Every line from the one with "Linen Brown Floral" through the final line of the data below goes in the answer, copied exactly. Pictures do not.

Segment Start: Data supplied

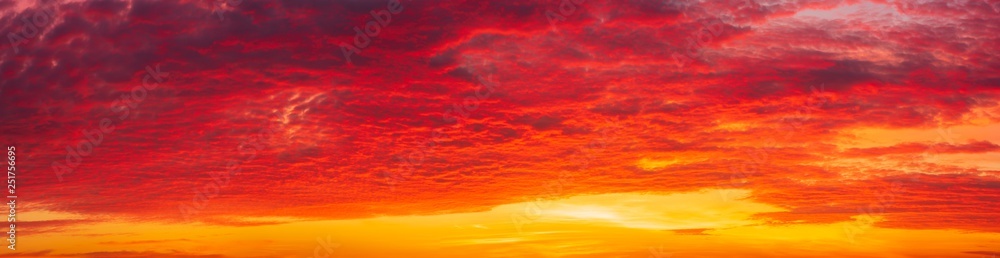 Dramatic, fiery sky at sunset - Panorama in high resolution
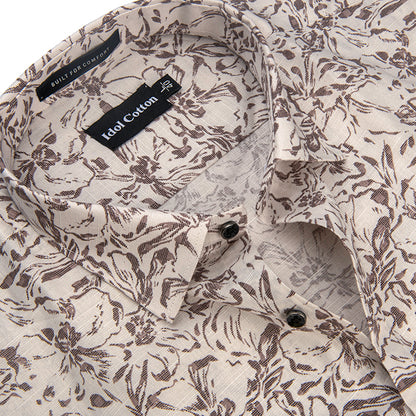 Linen Brown Floral Print Light Belge Background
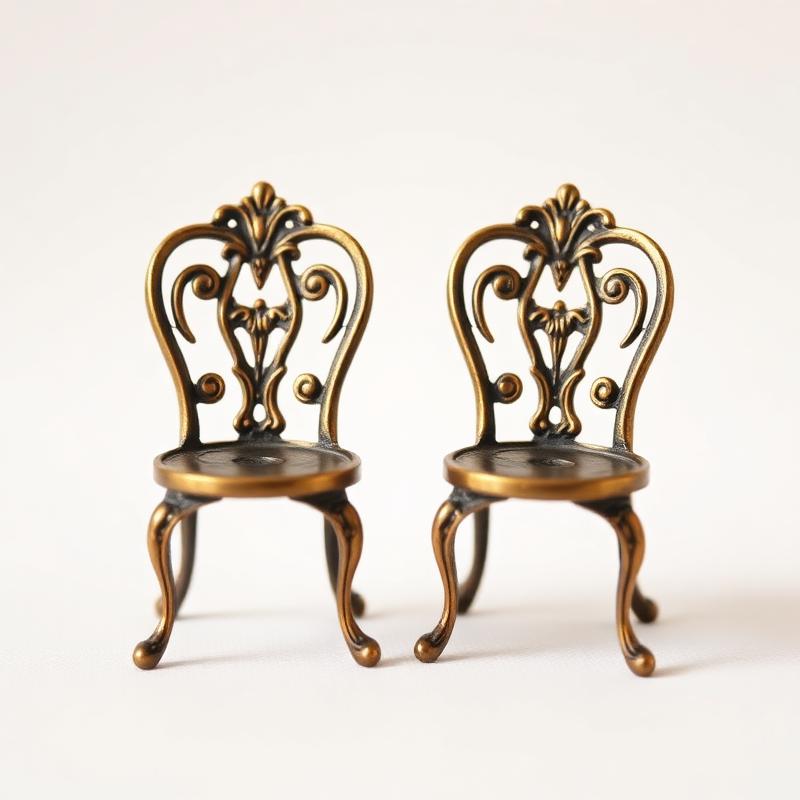 Bronzen miniatuur stoelen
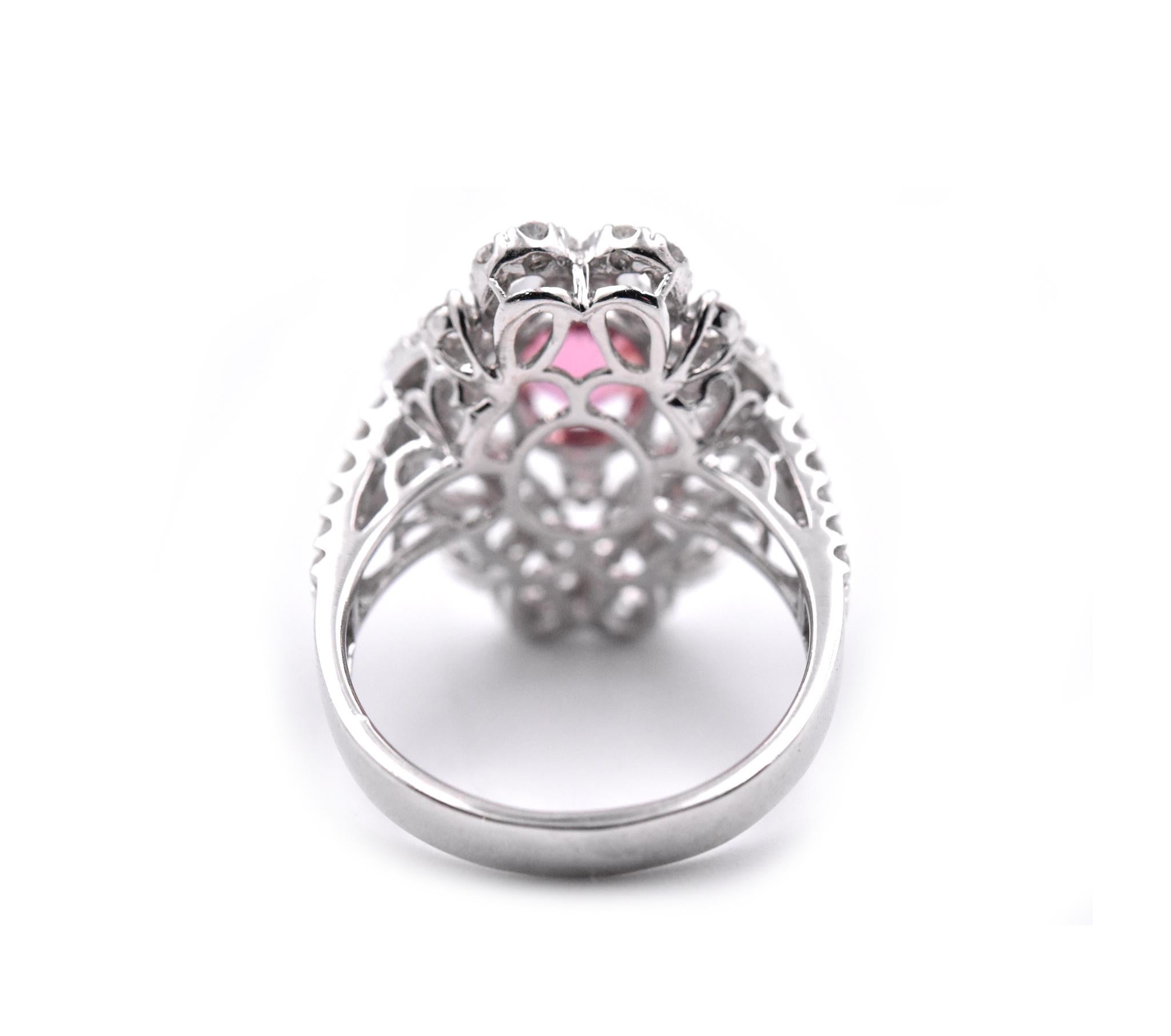 18 Karat White Gold 1.84 Carat Pink Tourmaline and Diamond Ring In Excellent Condition In Scottsdale, AZ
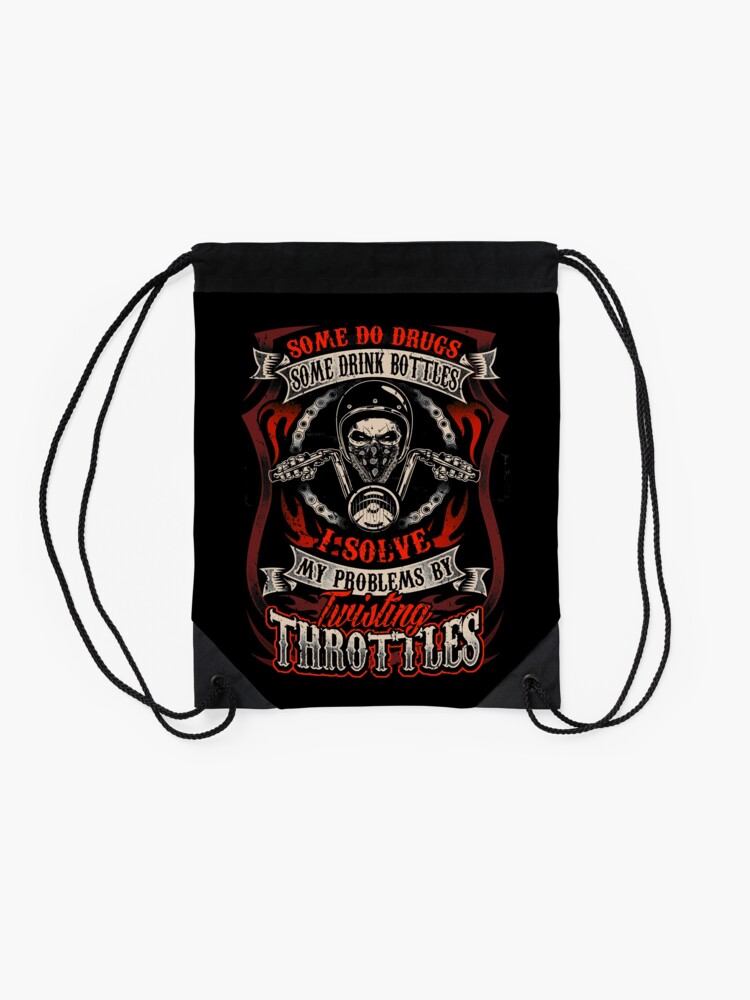 Alternate view of Motorcycle Biker Lifestyle Asphalt Problem Solution Drawstring Bag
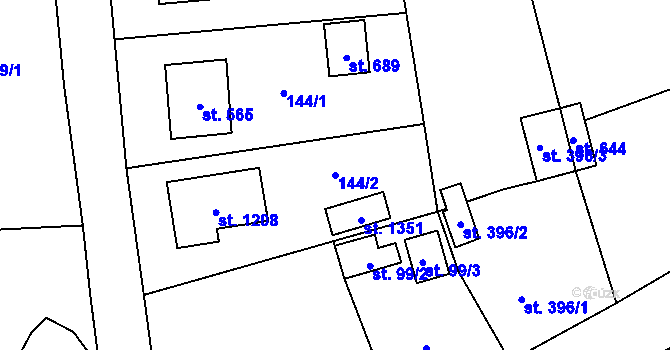 Parcela st. 144/2 v KÚ Mirošov, Katastrální mapa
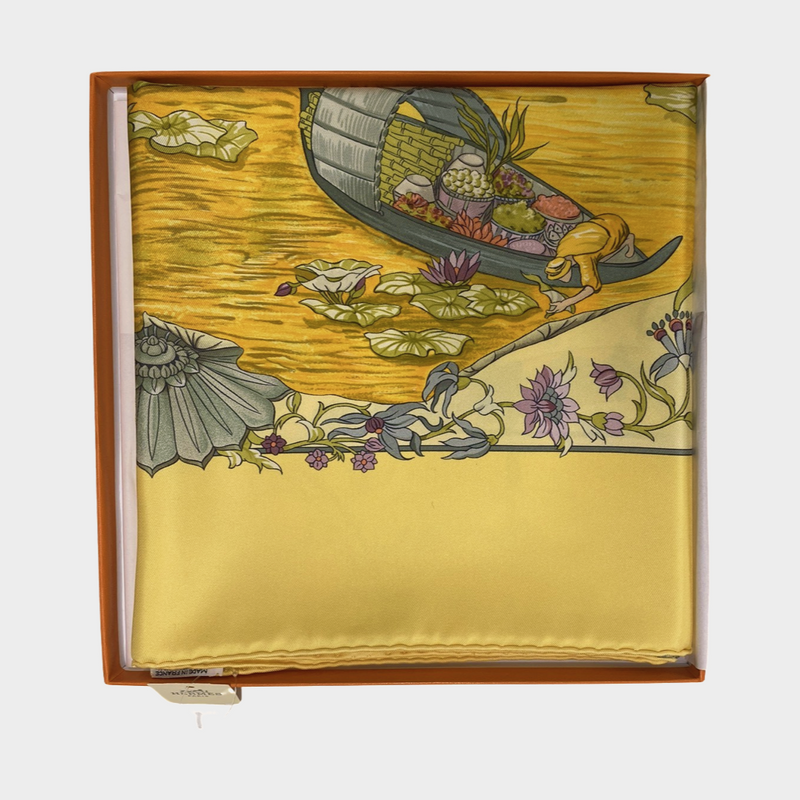 Hermes yellow and multicoloured printed silk scarf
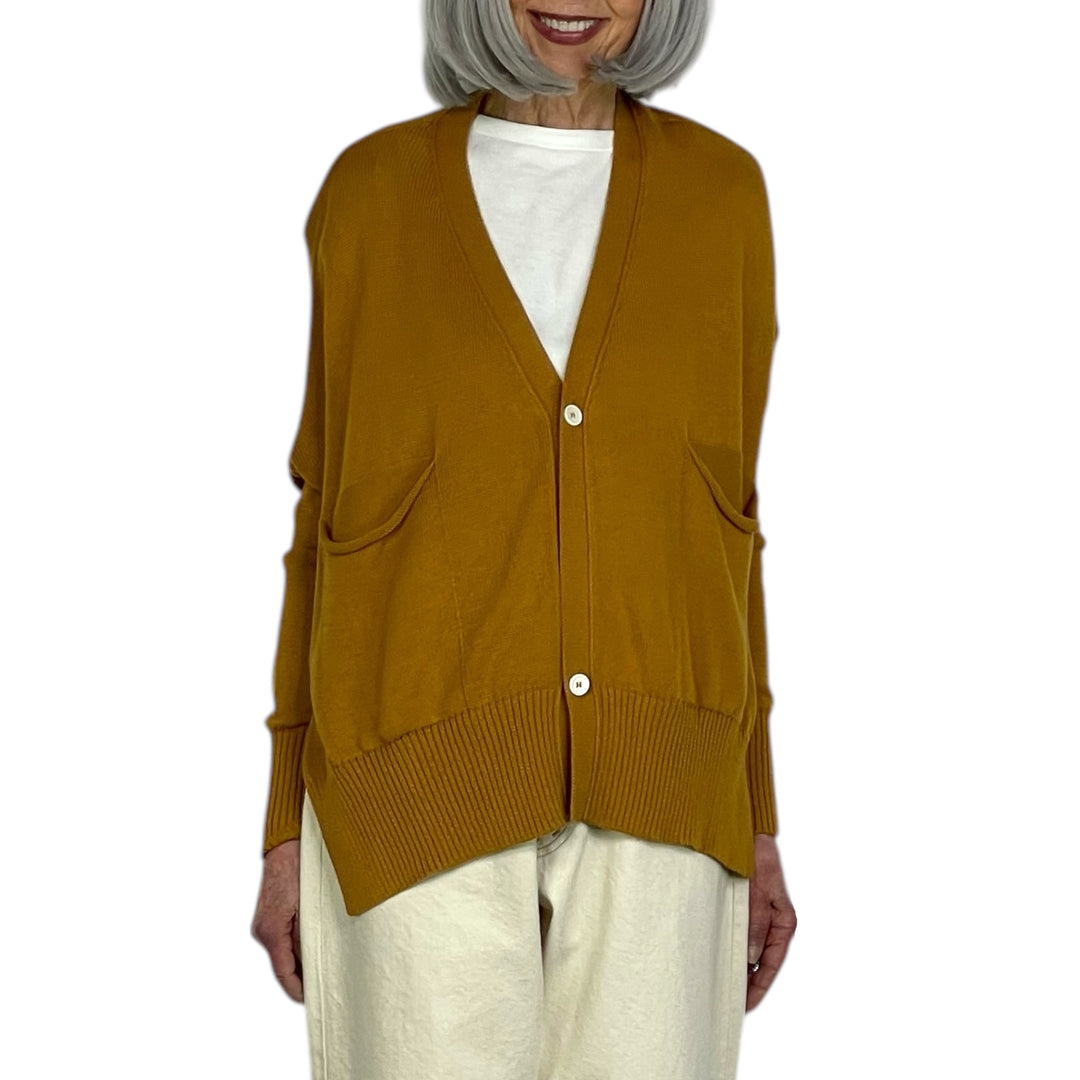 SIDE SLIT COTTON CARDIGAN 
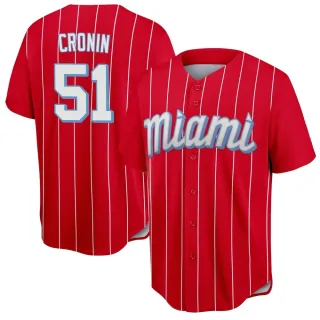 Men's Replica Red Declan Cronin Miami Marlins 2021 City Connect Jersey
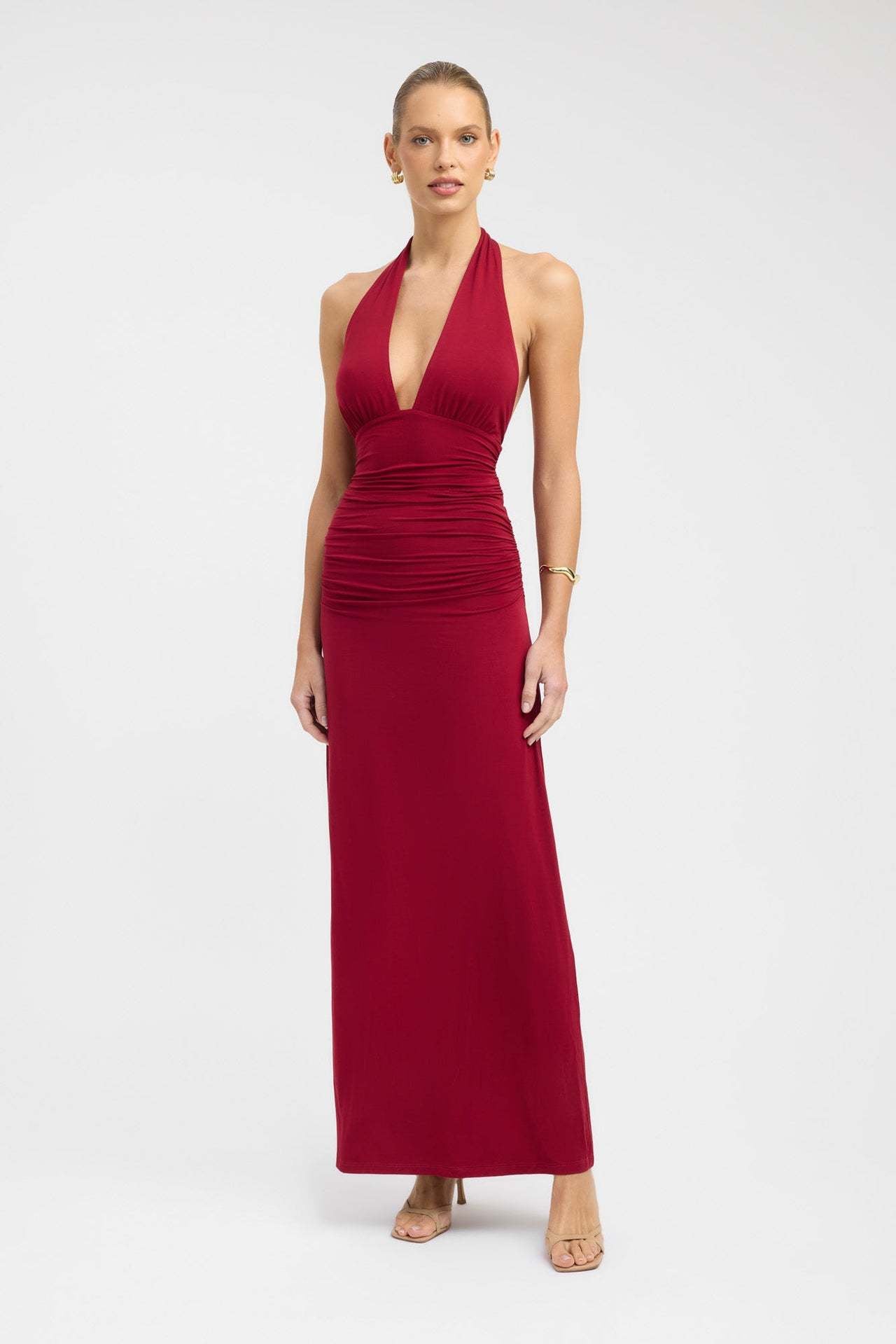 Backless, slit, solid-color long dress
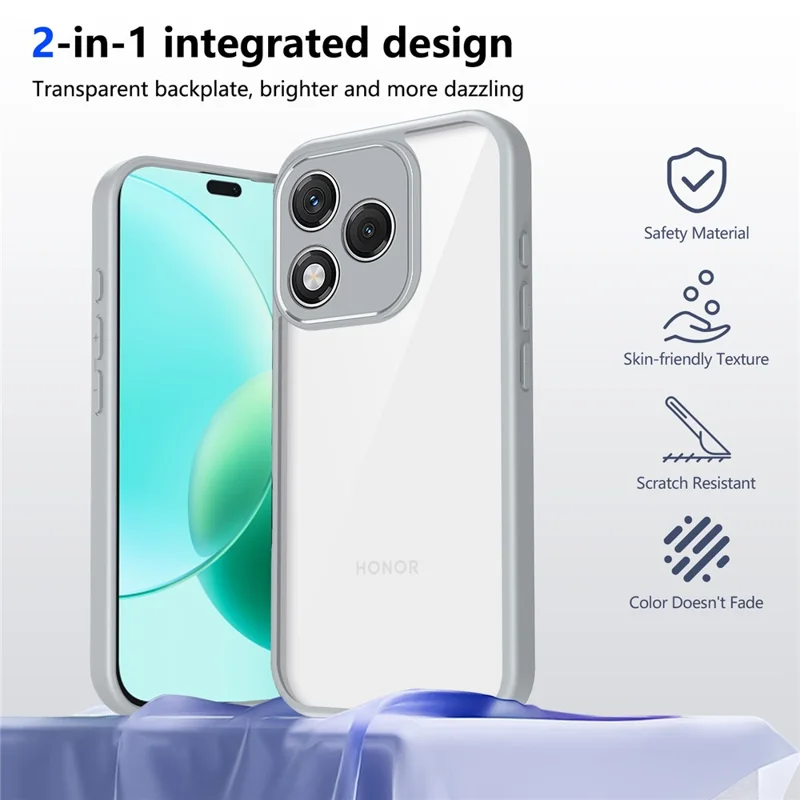 For Honor X5d 4G  /  X5d Plus 4G  /  X5c 4G  /  X5c Plus 4G Case Matte Skin Touch Clear PC + TPU Shockproof Phone Back Cover - White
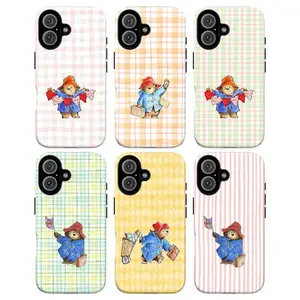 Cute Paddington Bear Tough Phone Case | London Collage Aesthetic Striped Teddy Bear Cover for iPhone 11, 12, 13, 14, 15, 16, 17 Pro Max Plus - Perfect Cute Gift.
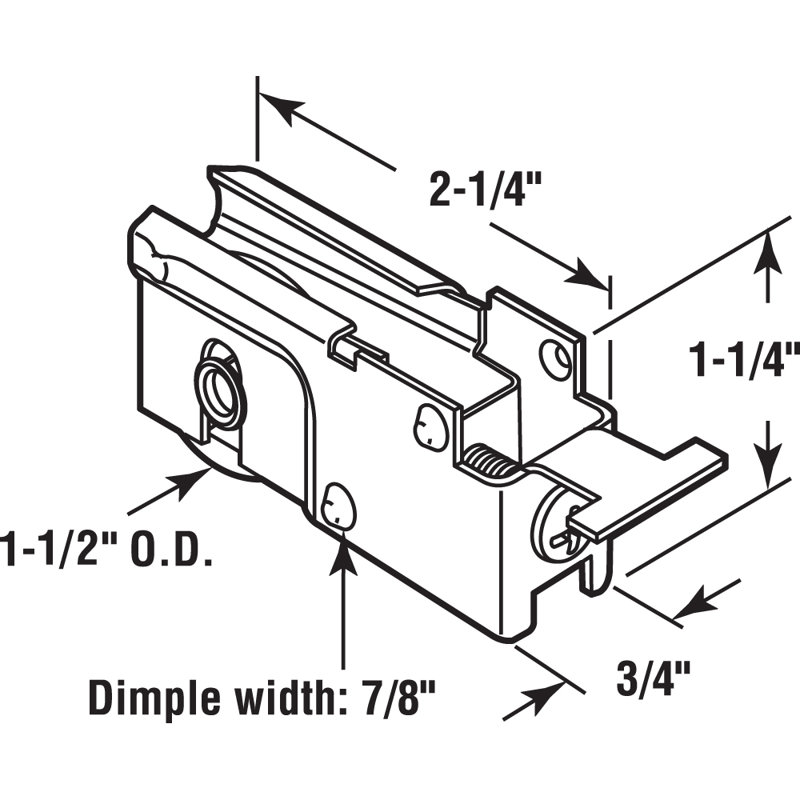 Ensemble de rouleau de porte coulissante en verre de 1 1/2 po Prime-Line pour Marshall (paquet simple)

Segment End: Data supplied

=== Exercise output ===
 Linen Brown Floral Print Light Belge Background
 Bronzen miniatuur stoelen
 18 Karat White Gold 1.84 Carat Pink Tourmaline and Diamond Ring In Excellent Condition In Scottsdale, AZ
 Alternate view of Motorcycle Biker Lifestyle Asphalt Problem Solution Drawstring Bag
 Parcela st. 144/2 v KÚ Mirošov, Katastrální mapa
 Hermes yellow and multicoloured printed silk scarf
 SIDE SLIT COTTON CARDIGAN 
 Men's Replica Red Declan Cronin Miami Marlins 2021 City Connect Jersey
 Backless, slit, solid-color long dress
 For Honor X5d 4G  /  X5d Plus 4G  /  X5c 4G  /  X5c Plus 4G Case Matte Skin Touch Clear PC + TPU Shockproof Phone Back Cover - White
 Cute Paddington Bear Tough Phone Case | London Collage Aesthetic Striped Teddy Bear Cover for iPhone 11, 12, 13, 14, 15, 16, 17 Pro Max Plus - Perfect Cute Gift.
 Ensemble de rouleau de porte coulissante en verre de 1 1/2 po Prime-Line pour Marshall (paquet simple)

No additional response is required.